1. Get more use from printer and copier paper.

• Buy recycled paper and tell campers and guests that everything is printed on this type of paper. Although it may be slightly more expensive, the cost will decrease as more and more people use the paper.

• Use both sides of printer paper. Unless there is a lot of moisture in the camp office, printer paper can be reused for drafts of documents or internal memos.

• Cut used paper into 5½-inch by 4-inch scraps, and use it instead of printed memo paper or expensive sticky notes. Attach them with reusable paper clips.

2. Promote donations of used items.

• Collect all the gently used donations you can’t use, and hold a yard sale at an open house or a local community event. Use the money for camperships or to purchase recycling bins.

• Promote the event and invite friends of the camp to donate items, or they can set up their own booth for a small fee.

3. Keep equipment in good repair.

Although the immediate cost of a repair may seem daunting, the long-range savings make it worthwhile. Not only will it save the expense of new equipment, but it will save that old equipment from taking up space in a landfill.

• Look into bartering. Perhaps a nearby school, camp or business has equipment you need once or twice a year, and you have equipment they can use occasionally. Then share the upkeep of thee equipment.

Visit www.earth911.com/recycling

4. Eliminate Styrofoam and plastic bottles.

Both are expected to stay in landfills for up to a million years before breaking down!

• Carry a coffee mug or water bottle, and encourage staff members to do the same. Model this behavior at community meetings or presentations. This is a simple step for those interested in saving the earth’s resources.

• Encourage campers to bring a water bottle to camp–or to buy one at the camp store–to reuse often. Make arrangements to wash the bottles during the week–perhaps during one meal before the dishes come back. Educate campers about the landfill realities of plastic bottles as part of their orientation to camp.

• Invite off-season guests to bring their own cup or bottle, or to mark one of the camp’s bottles for use during the event. Think of how many times people only use a cup or glass once and then get a fresh one because they don’t know where the first one is. Again, remind guests they can continue to make this same effort at home. Post information about the long life of plastic and Styrofoam and their effect upon landfills.

Visit www.roanokeva.gov/85256A8D0062AF37/CurrentBaseLink/N256GLAY683KROEEN. Click on “Life of Litter.”

Reduce

5. Buy products with less packaging and/or packaging made with recycled content.

Pay attention to the packaging on products. How much plastic is used to protect the product? Recycle cardboard packaging.

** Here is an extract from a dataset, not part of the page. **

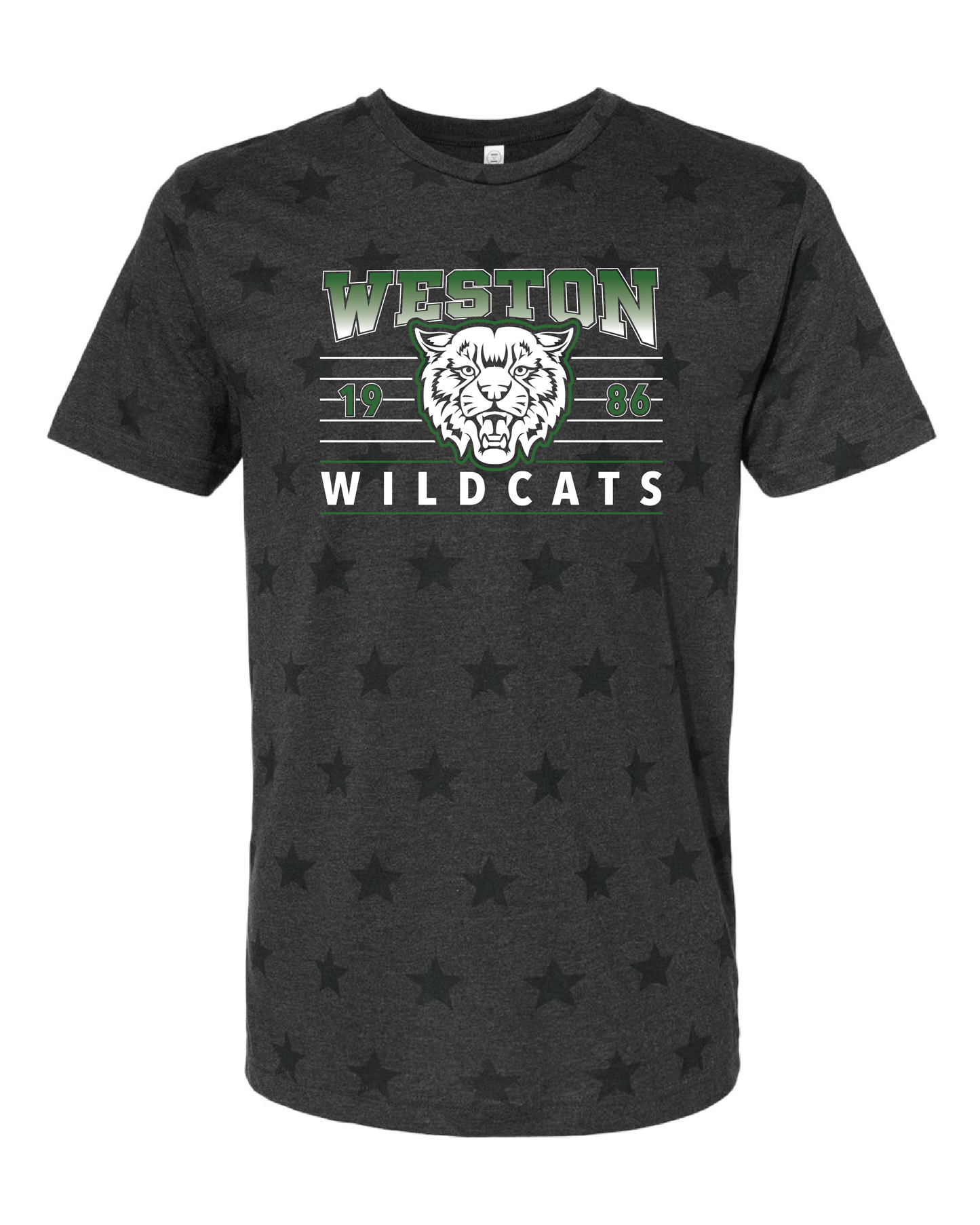 Ombre Wildcats Tee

• One advantage camps have is the ability to buy in bulk. Encourage the food-service director to make bulk purchases whenever possible.

Visit www.epa.gov/epawaste/conserve/rrr/index.htm

6. Eliminate disposable products.

Go for reusable, fixable and washable items.

• Replace paper napkins with cloth ones in the dining room. Although this may be a costly one-time purchase, the money–and trees–saved will be considerable.